ENH: Add limit_area to ffill/bfill

pandas-dev · Dec 17, 2023 · 84b0098 · 84b0098
1 parent 14cf864
commit 84b0098
Show file tree

Hide file tree

Showing 4 changed files with 207 additions and 1 deletion.
diff --git a/doc/source/whatsnew/v2.2.0.rst b/doc/source/whatsnew/v2.2.0.rst
@@ -225,6 +225,7 @@ Other enhancements
 - :func:`tseries.api.guess_datetime_format` is now part of the public API (:issue:`54727`)
 - :meth:`ExtensionArray._explode` interface method added to allow extension type implementations of the ``explode`` method (:issue:`54833`)
 - :meth:`ExtensionArray.duplicated` added to allow extension type implementations of the ``duplicated`` method (:issue:`55255`)
+- :meth:`Series.ffill`, :meth:`Series.bfill`, :meth:`DataFrame.ffill`, and :meth:`DataFrame.bfill` have gained the argument ``limit_area`` (:issue:`56492`)
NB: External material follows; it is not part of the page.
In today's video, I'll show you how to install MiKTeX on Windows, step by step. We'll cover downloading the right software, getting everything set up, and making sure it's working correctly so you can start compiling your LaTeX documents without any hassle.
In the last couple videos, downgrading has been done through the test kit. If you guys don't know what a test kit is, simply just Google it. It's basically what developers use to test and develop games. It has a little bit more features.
 - Allow passing ``read_only``, ``data_only`` and ``keep_links`` arguments to openpyxl using ``engine_kwargs`` of :func:`read_excel` (:issue:`55027`)
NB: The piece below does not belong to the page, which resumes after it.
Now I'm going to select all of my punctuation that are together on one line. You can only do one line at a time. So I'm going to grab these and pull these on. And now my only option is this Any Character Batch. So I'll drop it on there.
 - DataFrame.apply now allows the usage of numba (via ``engine="numba"``) to JIT compile the passed function, allowing for potential speedups (:issue:`54666`)
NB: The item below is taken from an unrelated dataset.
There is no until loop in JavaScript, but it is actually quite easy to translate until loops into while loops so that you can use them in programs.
 - Implement masked algorithms for :meth:`Series.value_counts` (:issue:`54984`)

diff --git a/pandas/core/generic.py b/pandas/core/generic.py
@@ -7097,6 +7097,7 @@ def _pad_or_backfill(
         axis: None | Axis = None,
         inplace: bool_t = False,
         limit: None | int = None,
+        limit_area: Literal["inside", "outside"] | None = None,
         downcast: dict | None = None,
     ):
         if axis is None:
@@ -7110,14 +7111,17 @@ def _pad_or_backfill(
             #  in all axis=1 cases, and remove axis kward from mgr.pad_or_backfill.
             if inplace:
                 raise NotImplementedError()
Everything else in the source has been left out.